* Provided records:
┏━━

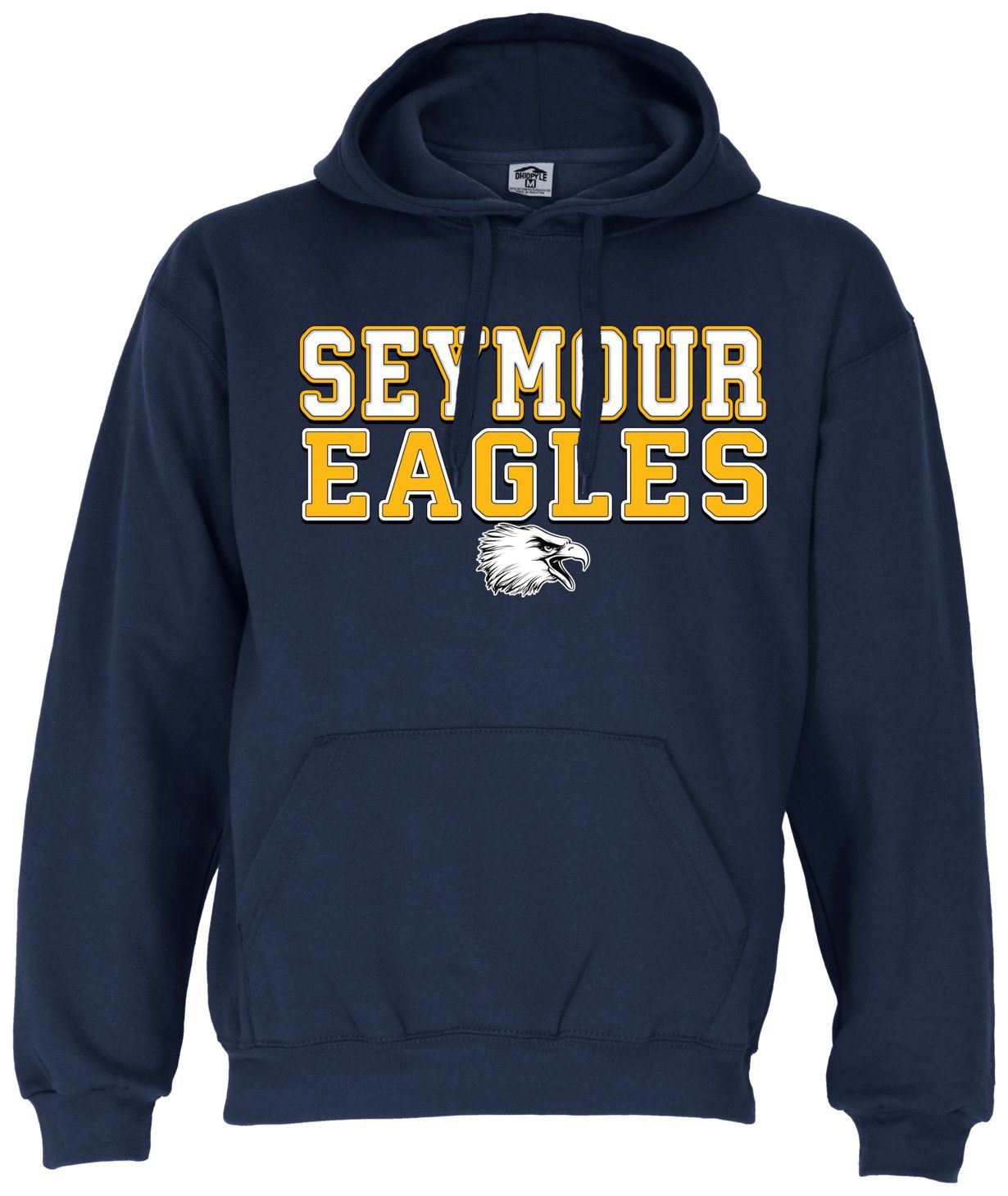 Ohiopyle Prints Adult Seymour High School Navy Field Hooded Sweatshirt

┗━━
┏━━

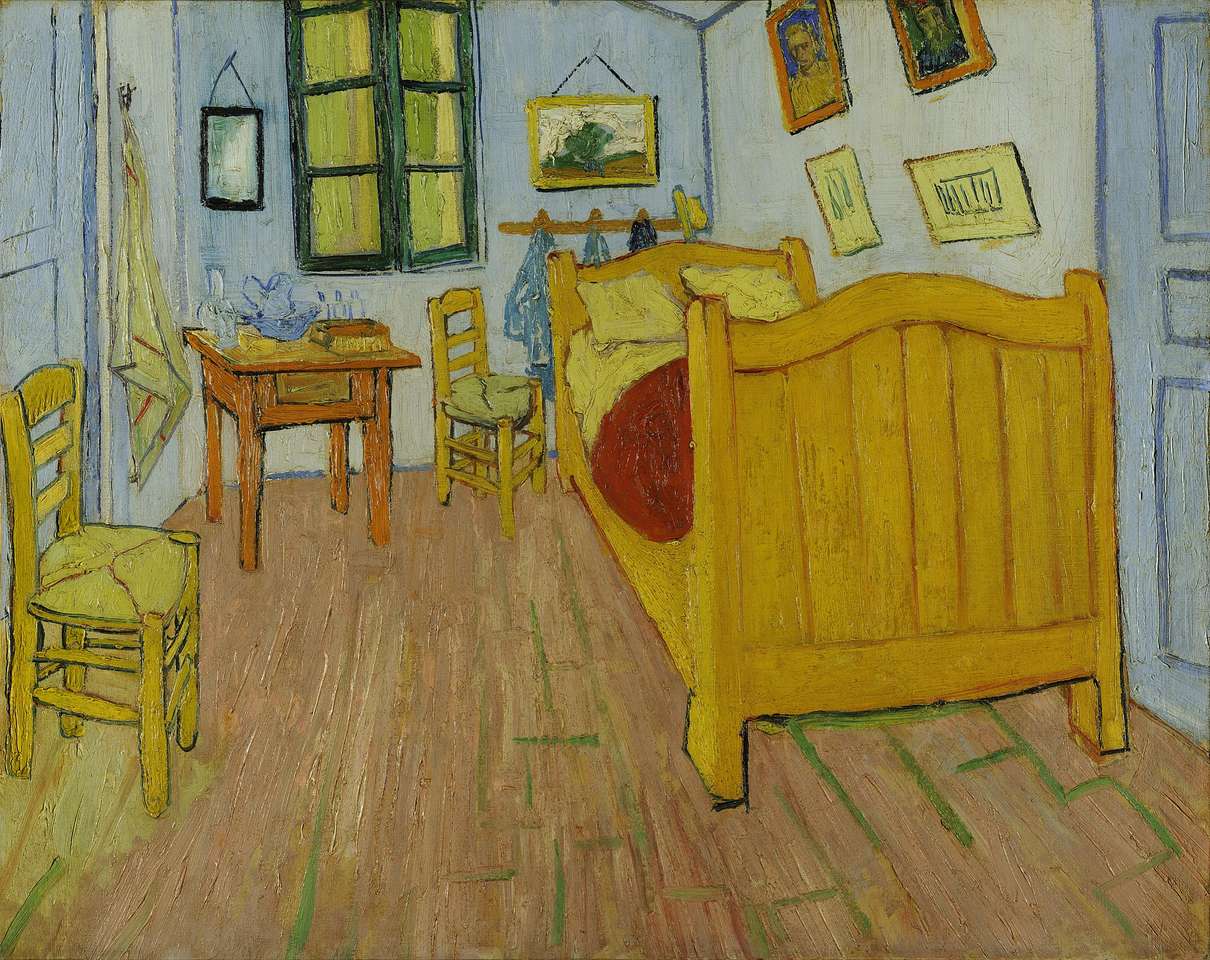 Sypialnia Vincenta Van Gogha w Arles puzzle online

┗━━
┏━━

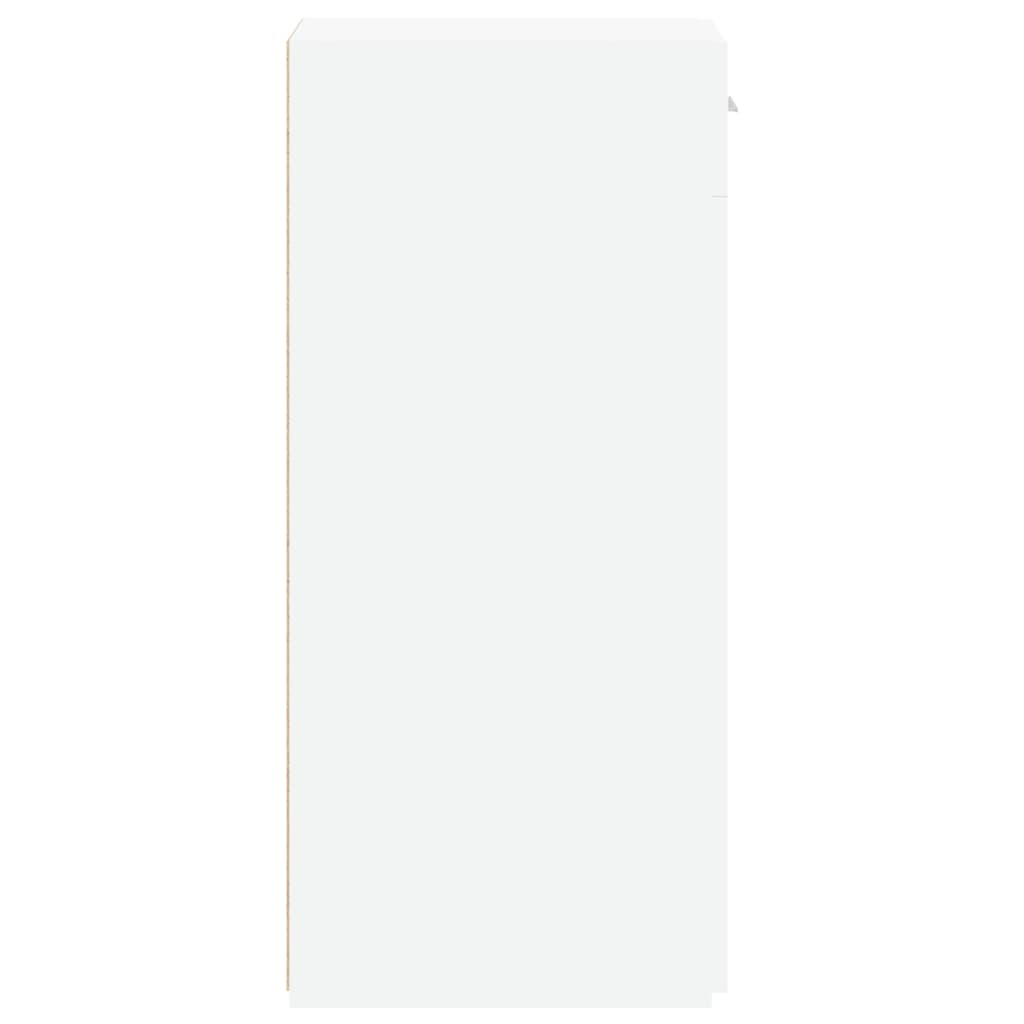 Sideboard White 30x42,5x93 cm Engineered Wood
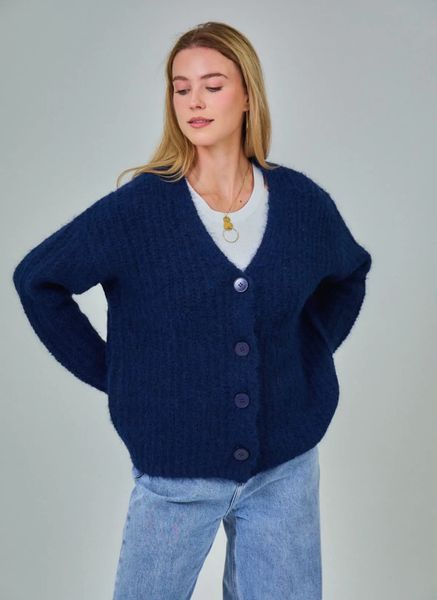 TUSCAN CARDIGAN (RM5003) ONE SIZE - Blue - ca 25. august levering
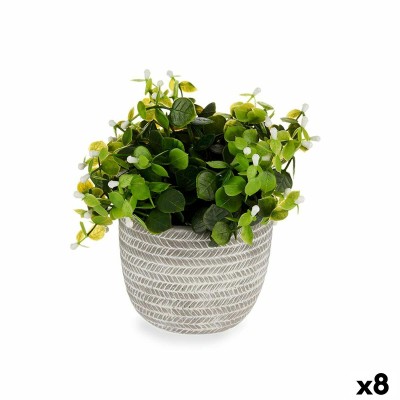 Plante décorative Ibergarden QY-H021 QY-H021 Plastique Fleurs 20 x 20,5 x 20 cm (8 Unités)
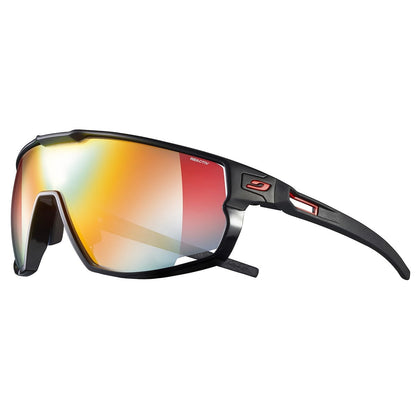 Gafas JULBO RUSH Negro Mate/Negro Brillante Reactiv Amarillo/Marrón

┗━━

* Directions for this task: Look above for the line containing "Plante décorative Ibergarden", then write out every line from there down to the line containing "Gafas JULBO RUSH", that line included, with no pictures.

* Answer below:
 Plante décorative Ibergarden QY-H021 QY-H021 Plastique Fleurs 20 x 20,5 x 20 cm (8 Unités)
 Gafas JULBO RUSH Negro Mate/Negro Brillante Reactiv Amarillo/Marrón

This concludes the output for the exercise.